Well ever since I was little my father has been in and out of jail. When he was home he was on drugs and he always wanted a son and I'm the middle child so he basically raised me as a boy.

He always used to tell me that I was ugly and fat and stupid, not worth life. When I was around 12, after I got my period I started wearing guy clothes and baggy things and I was anorexic at one point. Then I had my first boyfriend, then after almost 2 years I broke up with him because he wasn't giving me the attention I thought I deserved.

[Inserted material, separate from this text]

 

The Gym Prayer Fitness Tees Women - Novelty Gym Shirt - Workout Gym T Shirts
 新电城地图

Not too long after I started going out with my current ex.. he abused me, raped me and was so over-barring I felt even worse about myself. But now I'm 20 and I've been with my current boyfriend for a year and 3 months and he changed me so much and I love him and we are even talking about marriage. But then it always comes to the fact that I have no self esteem at all. I moved in with him and now I have no friends where I am now all I have is him and that's okay, he is my best friend!! He also has a lot of chick friends and I HATE being jealous but lately I can't handle it and I don't know what to do.

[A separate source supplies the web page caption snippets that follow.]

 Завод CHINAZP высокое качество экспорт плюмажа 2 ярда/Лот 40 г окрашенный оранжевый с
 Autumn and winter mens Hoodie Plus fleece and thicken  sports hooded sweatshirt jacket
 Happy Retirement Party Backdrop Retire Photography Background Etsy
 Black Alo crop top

I've always been quiet and never really have anything to say. And ever since my ex I've been scared to tell him how I feel he always kinda flips on me and so I just brush EVERYTHING off my shoulder. Anyway I feel as if every girl is way more pretty, smarter and way more worth his time and I don't know how to feel anymore. Every year around the holidays I get majorly depressed, cry for no reason and all that 'good stuff'. And he won't listen to me, nor my mom and I don't talk to my father even though him and my mom are still together and live in the same house. I barely visit because of him. So I really have nobody to just talk to or listen.